WHAT THIS TASK INVOLVES:
Strip the pictures, then copy the remaining data exactly as it stands.

╭──

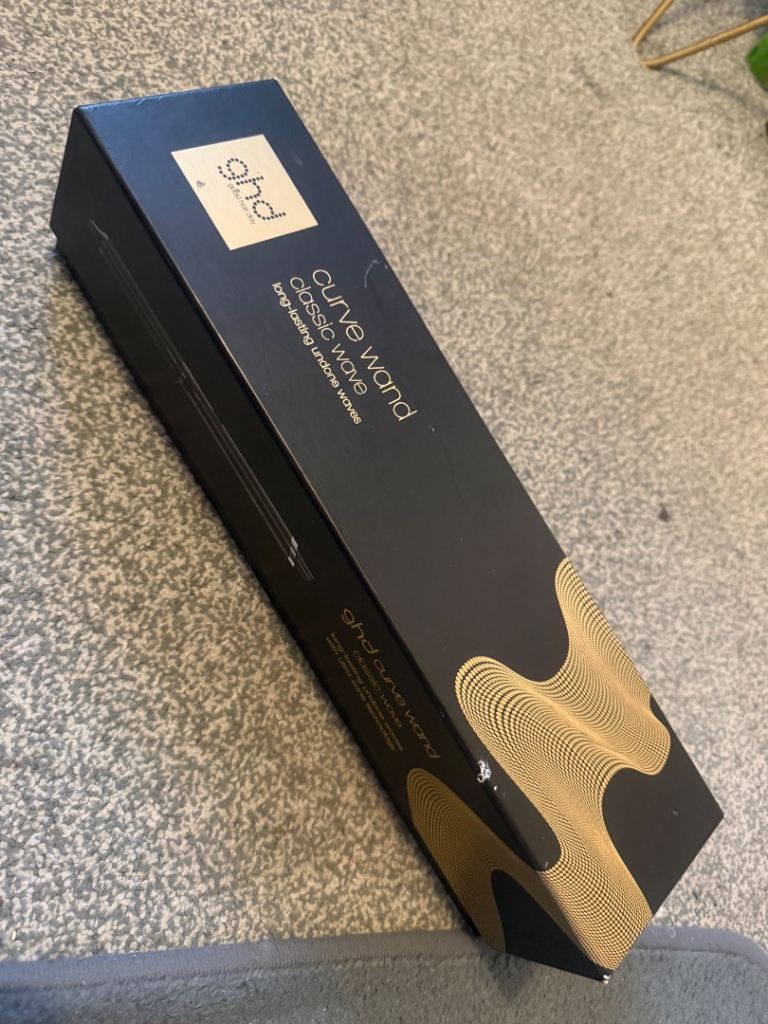 GHD curve wand 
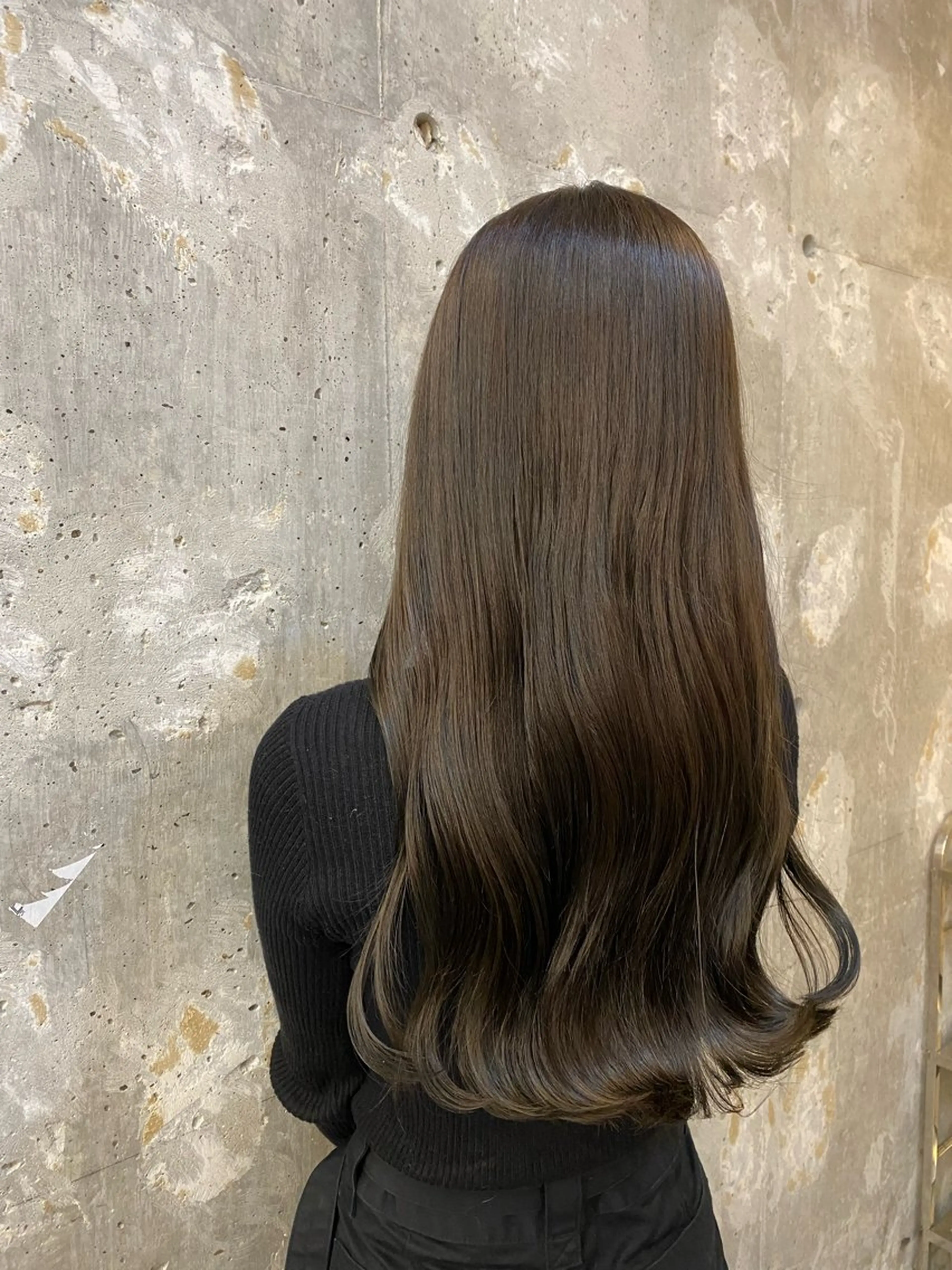 カラー グレージュ source  / Tsubasaのヘアスタイル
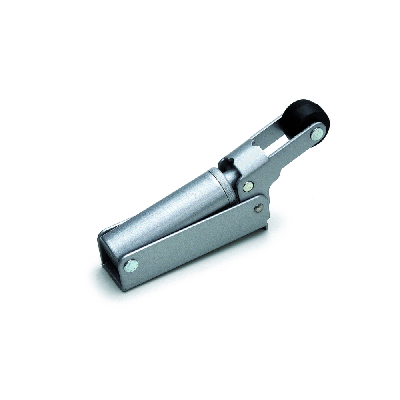 Deuropvanger zw 1 inst. sluitsnelheid, zilver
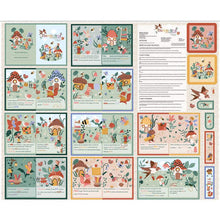 Load image into Gallery viewer, RESERVATION - Thimbelina Storybook Panel by Jennifer Long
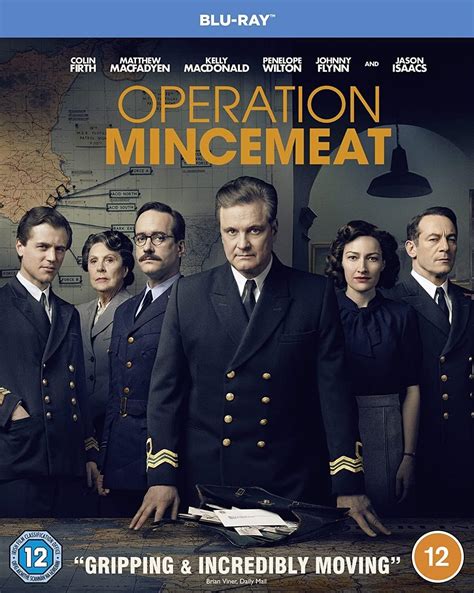 Amazon Co Jp Operation Mincemeat Region Free Blu Ray Dvd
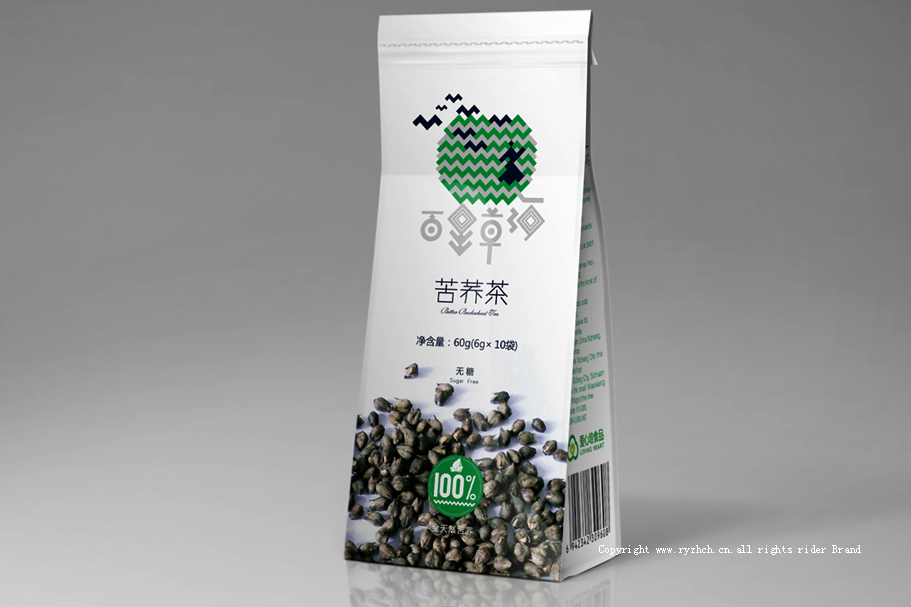 百里草海品牌设计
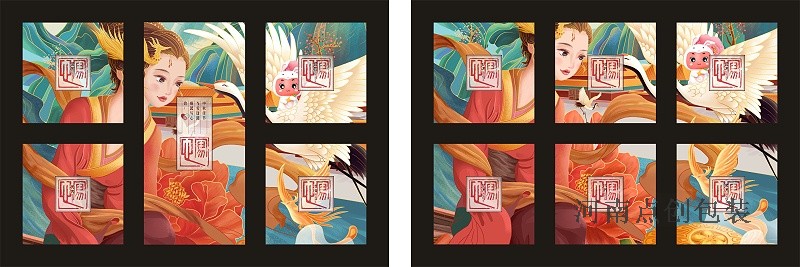 月餅禮盒生產(chǎn)廠家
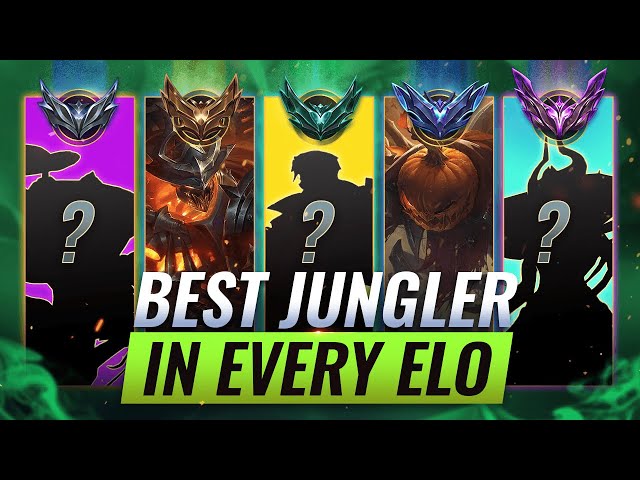 Low Elo Junglers vs High elo Junglers – What to Learn from Bronze to  Diamond Elo s8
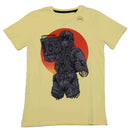 Mustard Graphic Tshirt-1
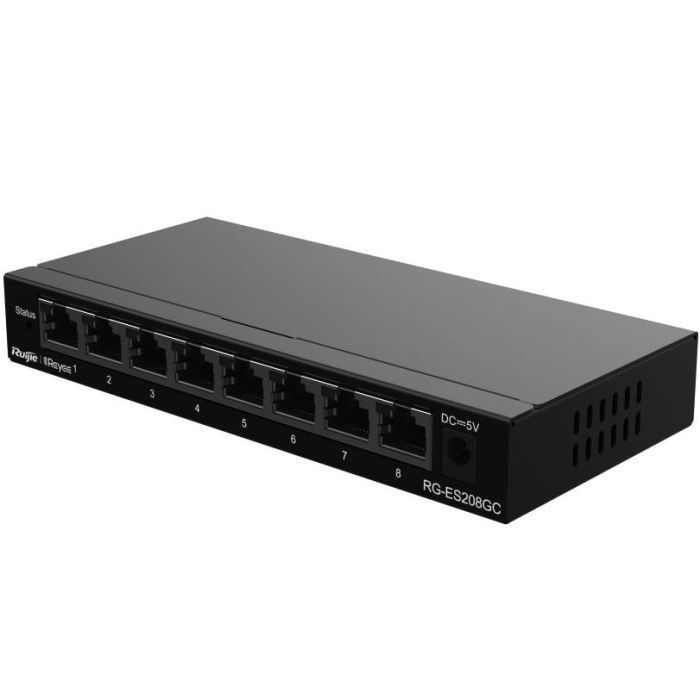 Коммутатор сетевой Ruijie Networks RG-ES208GC изображение 4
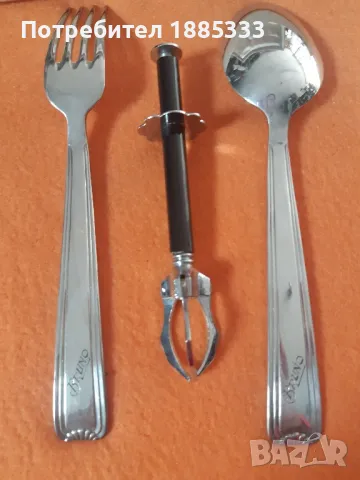 сребърни прибори за колекция, снимка 4 - Фен артикули - 47925689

╰──

TASK OUTPUT:
 GHD curve wand 
 カラー グレージュ source  / Tsubasaのヘアスタイル
 Deuropvanger zw 1 inst. sluitsnelheid, zilver
 Load image into Gallery viewer, RESERVATION - Thimbelina Storybook Panel by Jennifer Long
 Amazon Co Jp Operation Mincemeat Region Free Blu Ray Dvd
 百里草海品牌设计
 月餅禮盒生產(chǎn)廠家
 Low Elo Junglers vs High elo Junglers – What to Learn from Bronze to  Diamond Elo s8
 Mustard Graphic Tshirt-1
 Коммутатор сетевой Ruijie Networks RG-ES208GC изображение 4
 сребърни прибори за колекция, снимка 4 - Фен артикули - 47925689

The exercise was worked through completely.